**WORK TO COMPLETE:** Starting at the line that contains "Bluză albastră cu" and stopping at the line that contains "Lord T-Shirt T-Shirt", transcribe every line of the material below exactly; pictures stay out.

**INFORMATION GIVEN:**
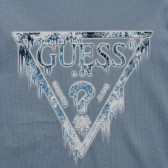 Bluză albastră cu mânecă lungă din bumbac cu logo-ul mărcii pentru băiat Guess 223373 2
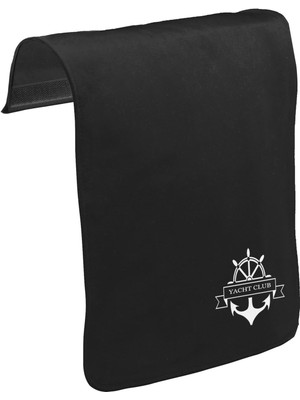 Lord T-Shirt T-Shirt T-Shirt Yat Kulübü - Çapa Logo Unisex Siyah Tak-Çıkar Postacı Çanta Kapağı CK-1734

--

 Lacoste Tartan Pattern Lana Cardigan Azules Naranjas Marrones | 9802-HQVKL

---

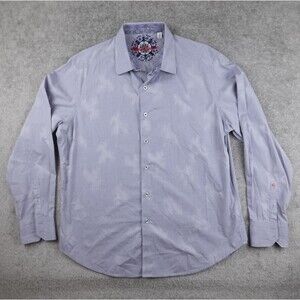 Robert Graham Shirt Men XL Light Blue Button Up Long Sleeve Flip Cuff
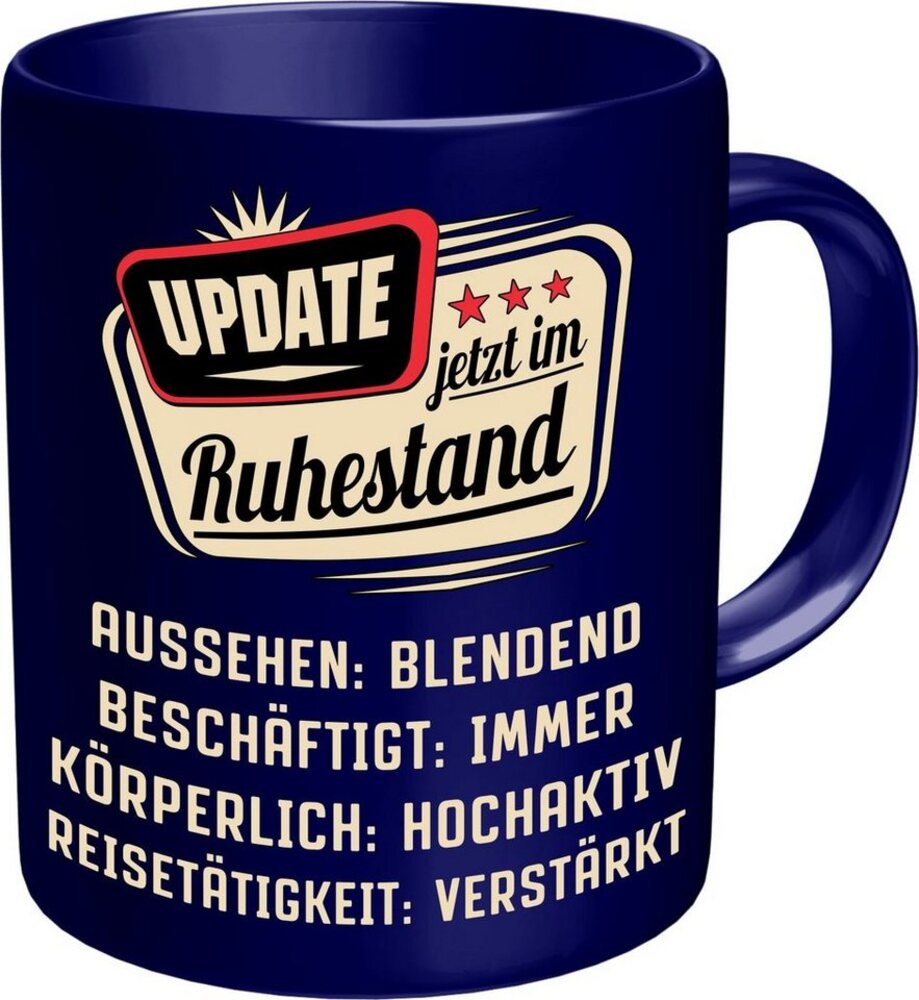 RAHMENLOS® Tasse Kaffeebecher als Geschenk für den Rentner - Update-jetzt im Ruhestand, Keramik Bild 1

**SOLVED EXERCISE:**
 Bluză albastră cu mânecă lungă din bumbac cu logo-ul mărcii pentru băiat Guess 223373 2
 Lord T-Shirt T-Shirt T-Shirt Yat Kulübü - Çapa Logo Unisex Siyah Tak-Çıkar Postacı Çanta Kapağı CK-1734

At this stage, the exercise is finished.